## [Data excerpts]
• • • • • • •

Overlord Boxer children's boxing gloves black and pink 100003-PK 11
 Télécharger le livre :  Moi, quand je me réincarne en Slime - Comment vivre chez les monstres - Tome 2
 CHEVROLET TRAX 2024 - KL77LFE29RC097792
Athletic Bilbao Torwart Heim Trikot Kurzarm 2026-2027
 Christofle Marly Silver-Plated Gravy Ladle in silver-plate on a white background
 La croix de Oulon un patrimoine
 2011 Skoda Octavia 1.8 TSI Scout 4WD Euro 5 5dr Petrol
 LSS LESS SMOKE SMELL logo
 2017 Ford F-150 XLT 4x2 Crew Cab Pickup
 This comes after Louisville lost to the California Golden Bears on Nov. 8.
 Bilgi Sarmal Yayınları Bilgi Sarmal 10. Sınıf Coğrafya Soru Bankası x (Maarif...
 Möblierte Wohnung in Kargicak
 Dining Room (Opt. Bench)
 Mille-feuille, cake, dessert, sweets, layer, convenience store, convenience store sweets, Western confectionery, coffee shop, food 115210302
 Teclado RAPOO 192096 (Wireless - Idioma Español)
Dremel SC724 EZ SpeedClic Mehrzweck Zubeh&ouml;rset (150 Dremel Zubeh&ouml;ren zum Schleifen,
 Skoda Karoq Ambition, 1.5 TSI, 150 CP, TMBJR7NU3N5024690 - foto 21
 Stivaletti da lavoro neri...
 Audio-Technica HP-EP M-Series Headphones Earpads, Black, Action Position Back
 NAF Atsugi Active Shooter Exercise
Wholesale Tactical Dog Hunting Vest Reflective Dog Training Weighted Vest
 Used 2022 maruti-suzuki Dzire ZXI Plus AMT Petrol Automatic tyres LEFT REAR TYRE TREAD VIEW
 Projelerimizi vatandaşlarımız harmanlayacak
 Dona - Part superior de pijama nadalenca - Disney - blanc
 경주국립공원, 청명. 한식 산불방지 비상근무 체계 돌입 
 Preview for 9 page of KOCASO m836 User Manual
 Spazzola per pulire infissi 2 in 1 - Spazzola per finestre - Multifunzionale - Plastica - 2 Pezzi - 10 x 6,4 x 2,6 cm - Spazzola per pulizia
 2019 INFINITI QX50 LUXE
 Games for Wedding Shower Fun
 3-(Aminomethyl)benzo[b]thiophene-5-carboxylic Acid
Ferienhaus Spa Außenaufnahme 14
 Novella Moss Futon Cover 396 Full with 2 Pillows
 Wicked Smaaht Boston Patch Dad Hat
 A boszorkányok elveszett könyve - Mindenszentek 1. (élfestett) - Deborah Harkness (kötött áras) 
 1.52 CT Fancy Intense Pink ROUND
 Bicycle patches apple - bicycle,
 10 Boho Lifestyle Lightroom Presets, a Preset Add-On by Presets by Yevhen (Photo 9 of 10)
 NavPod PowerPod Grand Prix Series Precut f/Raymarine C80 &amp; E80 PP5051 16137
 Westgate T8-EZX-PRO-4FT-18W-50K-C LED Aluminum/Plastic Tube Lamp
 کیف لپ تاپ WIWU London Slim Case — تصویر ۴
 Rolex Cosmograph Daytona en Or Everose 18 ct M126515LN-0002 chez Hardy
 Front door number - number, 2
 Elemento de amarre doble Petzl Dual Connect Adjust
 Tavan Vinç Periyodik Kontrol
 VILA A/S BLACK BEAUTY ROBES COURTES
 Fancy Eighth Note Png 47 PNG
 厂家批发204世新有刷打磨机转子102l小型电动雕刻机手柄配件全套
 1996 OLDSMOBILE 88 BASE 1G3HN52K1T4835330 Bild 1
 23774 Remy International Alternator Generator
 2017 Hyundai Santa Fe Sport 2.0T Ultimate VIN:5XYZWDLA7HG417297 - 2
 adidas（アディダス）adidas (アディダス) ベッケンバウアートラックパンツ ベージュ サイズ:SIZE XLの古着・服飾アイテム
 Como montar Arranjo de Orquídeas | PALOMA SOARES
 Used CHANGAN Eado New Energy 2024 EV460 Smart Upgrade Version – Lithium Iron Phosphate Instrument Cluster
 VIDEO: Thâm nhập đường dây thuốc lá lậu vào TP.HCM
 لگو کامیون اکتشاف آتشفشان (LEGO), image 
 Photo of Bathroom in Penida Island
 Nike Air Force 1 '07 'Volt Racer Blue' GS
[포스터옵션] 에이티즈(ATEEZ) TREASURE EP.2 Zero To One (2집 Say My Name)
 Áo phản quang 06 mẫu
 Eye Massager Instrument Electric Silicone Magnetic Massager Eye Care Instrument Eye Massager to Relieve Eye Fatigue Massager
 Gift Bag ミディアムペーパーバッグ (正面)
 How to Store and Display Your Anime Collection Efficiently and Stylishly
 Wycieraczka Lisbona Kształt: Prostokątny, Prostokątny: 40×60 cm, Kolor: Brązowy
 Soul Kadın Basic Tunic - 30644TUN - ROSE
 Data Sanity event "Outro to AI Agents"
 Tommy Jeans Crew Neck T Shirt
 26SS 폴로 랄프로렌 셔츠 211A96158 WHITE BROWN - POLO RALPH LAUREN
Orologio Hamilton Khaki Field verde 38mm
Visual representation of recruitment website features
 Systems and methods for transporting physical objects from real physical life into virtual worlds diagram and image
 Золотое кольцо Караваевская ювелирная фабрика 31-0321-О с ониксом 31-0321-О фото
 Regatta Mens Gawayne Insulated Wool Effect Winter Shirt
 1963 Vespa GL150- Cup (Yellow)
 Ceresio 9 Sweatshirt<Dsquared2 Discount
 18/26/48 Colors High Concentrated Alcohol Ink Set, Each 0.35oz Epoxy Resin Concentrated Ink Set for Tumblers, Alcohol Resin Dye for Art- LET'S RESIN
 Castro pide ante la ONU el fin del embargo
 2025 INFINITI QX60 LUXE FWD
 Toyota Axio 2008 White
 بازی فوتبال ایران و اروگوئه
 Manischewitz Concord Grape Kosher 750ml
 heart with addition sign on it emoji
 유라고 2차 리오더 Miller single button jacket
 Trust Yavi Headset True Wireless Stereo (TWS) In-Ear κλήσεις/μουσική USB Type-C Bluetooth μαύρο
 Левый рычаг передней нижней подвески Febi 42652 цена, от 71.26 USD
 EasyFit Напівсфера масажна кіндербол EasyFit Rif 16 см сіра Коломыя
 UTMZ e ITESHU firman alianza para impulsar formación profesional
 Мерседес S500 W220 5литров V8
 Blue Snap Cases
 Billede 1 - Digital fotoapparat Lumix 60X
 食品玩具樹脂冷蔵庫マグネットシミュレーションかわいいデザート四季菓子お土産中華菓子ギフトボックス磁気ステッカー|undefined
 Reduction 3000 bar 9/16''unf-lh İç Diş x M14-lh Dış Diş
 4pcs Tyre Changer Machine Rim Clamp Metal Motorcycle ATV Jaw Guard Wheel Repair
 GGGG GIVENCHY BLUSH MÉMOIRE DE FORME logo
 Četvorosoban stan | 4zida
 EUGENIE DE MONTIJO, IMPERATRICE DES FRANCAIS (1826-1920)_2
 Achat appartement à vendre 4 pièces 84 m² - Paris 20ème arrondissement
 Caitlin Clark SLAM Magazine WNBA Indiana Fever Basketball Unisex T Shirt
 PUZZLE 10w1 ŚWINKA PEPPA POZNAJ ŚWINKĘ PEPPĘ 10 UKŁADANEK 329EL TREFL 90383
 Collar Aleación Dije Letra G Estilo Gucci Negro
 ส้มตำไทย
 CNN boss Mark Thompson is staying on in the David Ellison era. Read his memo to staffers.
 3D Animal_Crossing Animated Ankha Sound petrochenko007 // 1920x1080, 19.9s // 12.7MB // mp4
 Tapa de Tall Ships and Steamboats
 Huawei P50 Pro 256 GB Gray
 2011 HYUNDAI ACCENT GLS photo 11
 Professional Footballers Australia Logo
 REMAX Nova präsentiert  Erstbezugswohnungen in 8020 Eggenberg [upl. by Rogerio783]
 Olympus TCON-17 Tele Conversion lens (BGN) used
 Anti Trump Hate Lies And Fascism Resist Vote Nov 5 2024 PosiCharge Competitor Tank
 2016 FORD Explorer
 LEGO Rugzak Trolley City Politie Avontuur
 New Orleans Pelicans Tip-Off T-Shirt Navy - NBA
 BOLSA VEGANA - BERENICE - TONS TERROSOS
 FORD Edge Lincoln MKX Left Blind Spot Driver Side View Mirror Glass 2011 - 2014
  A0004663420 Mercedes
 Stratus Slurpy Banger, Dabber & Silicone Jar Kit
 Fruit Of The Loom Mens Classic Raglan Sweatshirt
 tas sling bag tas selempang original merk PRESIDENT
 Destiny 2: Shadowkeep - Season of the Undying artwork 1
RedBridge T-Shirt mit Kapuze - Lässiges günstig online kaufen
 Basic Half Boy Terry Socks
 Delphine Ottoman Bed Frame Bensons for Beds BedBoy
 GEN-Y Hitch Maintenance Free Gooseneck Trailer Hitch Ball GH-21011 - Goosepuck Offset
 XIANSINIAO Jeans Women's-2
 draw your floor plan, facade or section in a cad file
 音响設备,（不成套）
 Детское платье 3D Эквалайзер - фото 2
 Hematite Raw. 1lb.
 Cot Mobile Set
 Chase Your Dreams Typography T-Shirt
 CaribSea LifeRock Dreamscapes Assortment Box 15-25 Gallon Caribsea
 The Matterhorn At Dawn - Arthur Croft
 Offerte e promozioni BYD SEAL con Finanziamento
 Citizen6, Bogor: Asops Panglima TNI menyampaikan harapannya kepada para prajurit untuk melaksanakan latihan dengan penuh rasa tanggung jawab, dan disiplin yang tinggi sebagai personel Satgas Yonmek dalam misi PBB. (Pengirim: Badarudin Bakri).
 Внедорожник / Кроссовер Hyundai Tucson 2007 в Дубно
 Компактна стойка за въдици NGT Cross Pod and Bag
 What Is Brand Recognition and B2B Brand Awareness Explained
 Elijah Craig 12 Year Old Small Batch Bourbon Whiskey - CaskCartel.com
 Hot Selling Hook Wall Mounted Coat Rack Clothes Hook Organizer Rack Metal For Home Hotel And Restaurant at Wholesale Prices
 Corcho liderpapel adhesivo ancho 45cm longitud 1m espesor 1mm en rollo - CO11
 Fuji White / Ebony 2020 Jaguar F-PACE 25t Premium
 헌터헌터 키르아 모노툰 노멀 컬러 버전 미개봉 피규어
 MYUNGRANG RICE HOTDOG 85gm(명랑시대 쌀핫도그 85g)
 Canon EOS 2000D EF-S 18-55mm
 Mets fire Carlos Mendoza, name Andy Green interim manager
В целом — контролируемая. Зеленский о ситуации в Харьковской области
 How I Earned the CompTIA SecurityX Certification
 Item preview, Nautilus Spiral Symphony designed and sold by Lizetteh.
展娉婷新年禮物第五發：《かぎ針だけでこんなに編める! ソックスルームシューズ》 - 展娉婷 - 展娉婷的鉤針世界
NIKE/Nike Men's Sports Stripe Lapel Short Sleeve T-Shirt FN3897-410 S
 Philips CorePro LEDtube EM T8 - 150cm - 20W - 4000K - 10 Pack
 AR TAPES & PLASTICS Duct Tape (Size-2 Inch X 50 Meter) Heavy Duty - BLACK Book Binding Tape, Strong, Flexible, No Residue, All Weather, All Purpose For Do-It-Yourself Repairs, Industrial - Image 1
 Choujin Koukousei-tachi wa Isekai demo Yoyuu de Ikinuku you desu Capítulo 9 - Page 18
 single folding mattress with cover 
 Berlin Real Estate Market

• • • • • • •

## [What is expected]
What you give back should be only the lines of the records above, starting at the line with "Dona - Part" and ending at the line with "A boszorkányok elveszett", restated word for word.

## [Output of the task]
 Dona - Part superior de pijama nadalenca - Disney - blanc
 경주국립공원, 청명. 한식 산불방지 비상근무 체계 돌입 
 Preview for 9 page of KOCASO m836 User Manual
 Spazzola per pulire infissi 2 in 1 - Spazzola per finestre - Multifunzionale - Plastica - 2 Pezzi - 10 x 6,4 x 2,6 cm - Spazzola per pulizia
 2019 INFINITI QX50 LUXE
 Games for Wedding Shower Fun
 3-(Aminomethyl)benzo[b]thiophene-5-carboxylic Acid
Ferienhaus Spa Außenaufnahme 14
 Novella Moss Futon Cover 396 Full with 2 Pillows
 Wicked Smaaht Boston Patch Dad Hat
 A boszorkányok elveszett könyve - Mindenszentek 1. (élfestett) - Deborah Harkness (kötött áras) 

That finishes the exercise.